Des contraintes mécaniques, liées à la croissance des tissus déterminent diversité des écailles du museau et des mâchoires chez différentes espèces de crocodiliens
L'équipe du professeur Milinkovitch de l'UNIGE a montré - dans une récente publication dans Nature- que ce sont ces contraintes mécaniques, liées à la croissance des tissus qui déterminent la diversité des écailles du museau et des mâchoires chez différentes espèces de crocodiliens. Santos-Durán, et al. (2025) ici:
Leur article a même fait la couverture, et le journal résume ainsi l'étude :
La couverture met en avant le motif mécaniquement auto-organisé des écailles sur la tête d'un jeune crocodile du Nil (Crocodylus niloticus). En général, les appendices cutanés des vertébrés, tels que les écailles, les poils ou les plumes, se développent comme des unités contrôlées génétiquement, dont l'organisation spatiale est dominée par un réseau régulateur de gènes et de molécules de signalisation pendant le développement embryonnaire. Cependant, le motif des écailles sur la tête d'un crocodile constitue une exception, car il semble émerger d'un processus mécanique dont la nature et l'origine précises restent floues.
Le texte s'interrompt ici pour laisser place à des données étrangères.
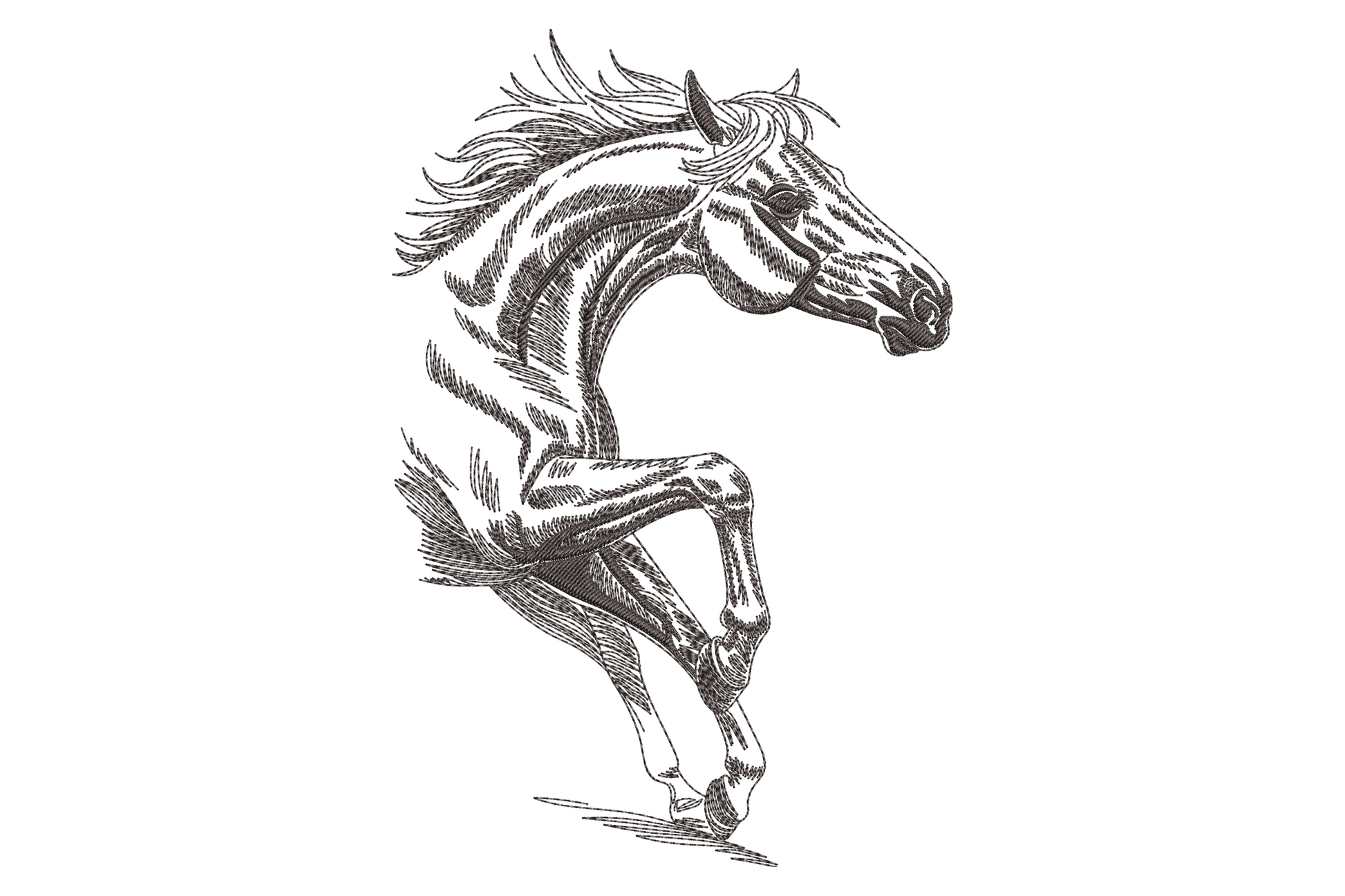 Rearing horse embroidery design in detailed pen-sketch style with crosshatch shading, flowing mane and tail, single charcoal colour.
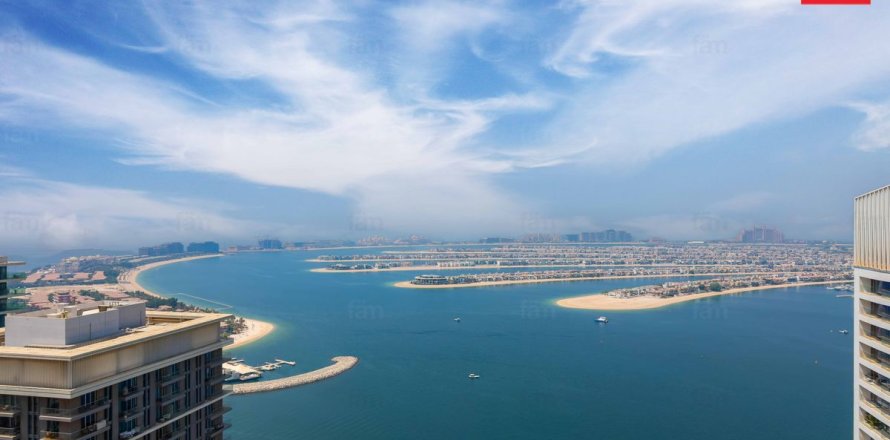 3 غرف نوم شقة في Dubai Harbour, الإمارات العربية المتحدة رقم 213826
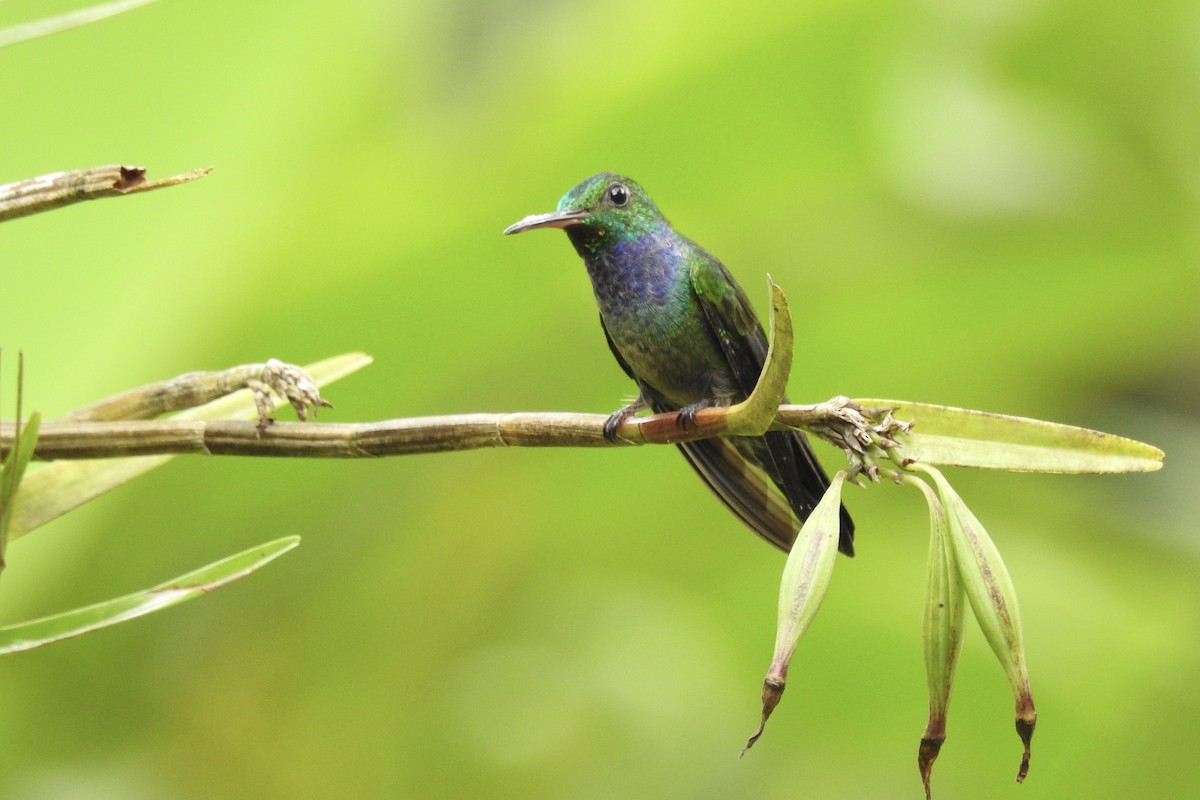Blue-chested Hummingbird - ML646467954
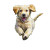 Playful Golden Retriever V11 Vinyl Car Decal Sticker – Waterproof & UV-Resistant 3.4133333333333336"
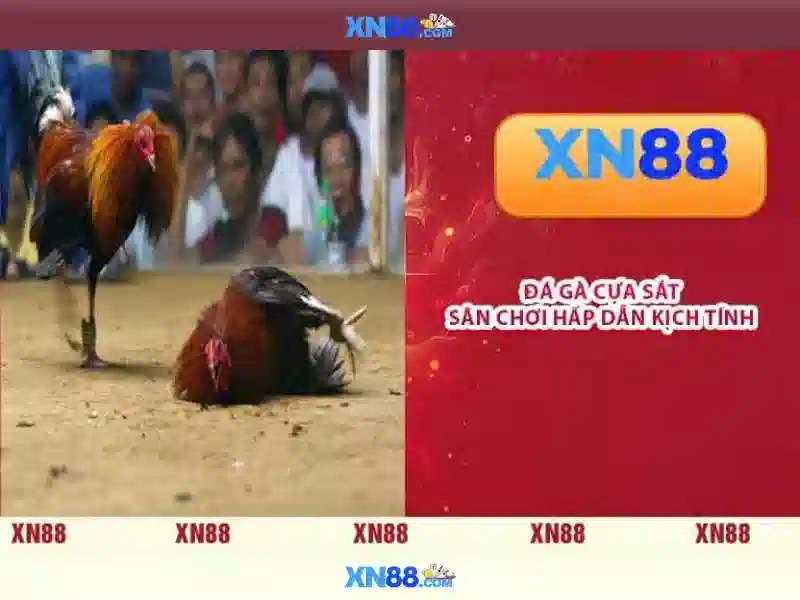 XN88: Nền tảng cá cược trực tuyến và đánh giá tổng quan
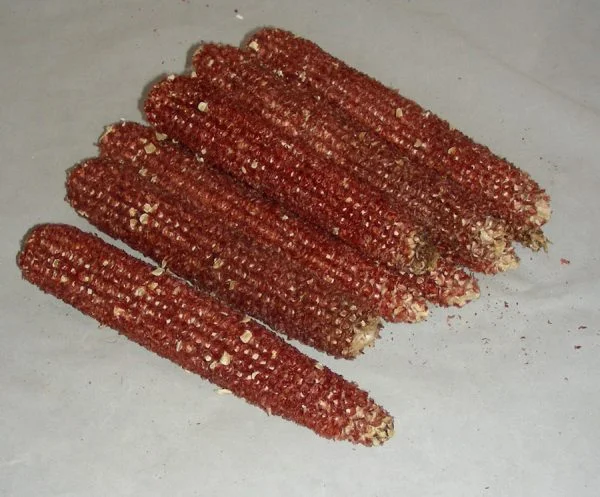 Corn Cobs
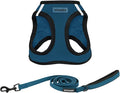 Best Pet Supplies Voyager Step-in Air All Weather Mesh Harness and Reflective Dog 5 ft Leash Combo with Neoprene Handle, for Small, Medium and Large Breed Puppies - Blue/Black Trim, X-Large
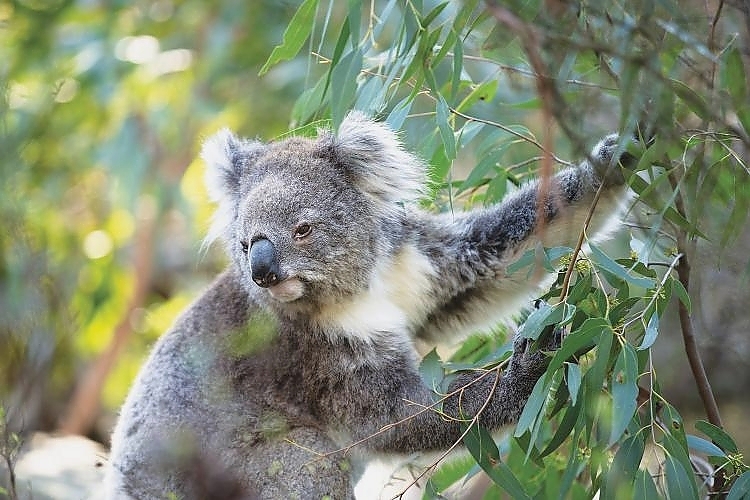 Koala-Conservation Reserve Nature Parks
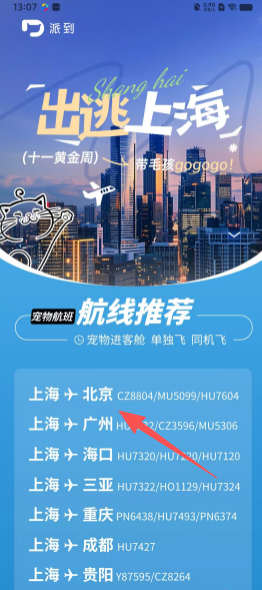 派到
Dans l'édition de cette semaine, Michel Milinkovitch et ses collègues résolvent ce mystère. En travaillant sur des embryons de crocodiles du Nil, les chercheurs ont généré un modèle 3D du motif des écailles sur la tête et ont découvert que les bordures des écailles sont en réalité des plis cutanés qui s'organisent mécaniquement via un processus de pliage par compression. Ce stress compressif résulte de la croissance de deux couches de peau, qui ont des rigidités différentes et croissent plus rapidement que les tissus sous-jacents. Image de couverture : M. C. Milinkovitch & A. Debry. traduction encourage le lecteur à aller vérifier dans l'article d'origine : ici:
Structure de cette JTS
A) met en perspective l'article, B) en dissèque quelques éléments de structure, C) propose l'historique présenté par Prof Milinkovitch, C) propose la news de l'UNIGE.A) Milinkovitch et son équipe ont publié plusieurs articles montrant comment des motifs de coloration de la peau apparaissent à partir d'un un réseau régulateur de gènes et de molécules de signalisation
Le prof. Milinkovitch et son équipe avaient montré comment s'établissent les motifs des taches chez divers reptiles voir ici dans Skin colours & patterns plusieurs articles montrant que l'organisation spatiale est dominée par un réseau régulateur de gènes et de molécules de signalisation pendant le développement embryonnaire. Aussi c'est une surprise de voir que ces mécanismes ne sont pas à l'oeuvre chez les crocodiliens.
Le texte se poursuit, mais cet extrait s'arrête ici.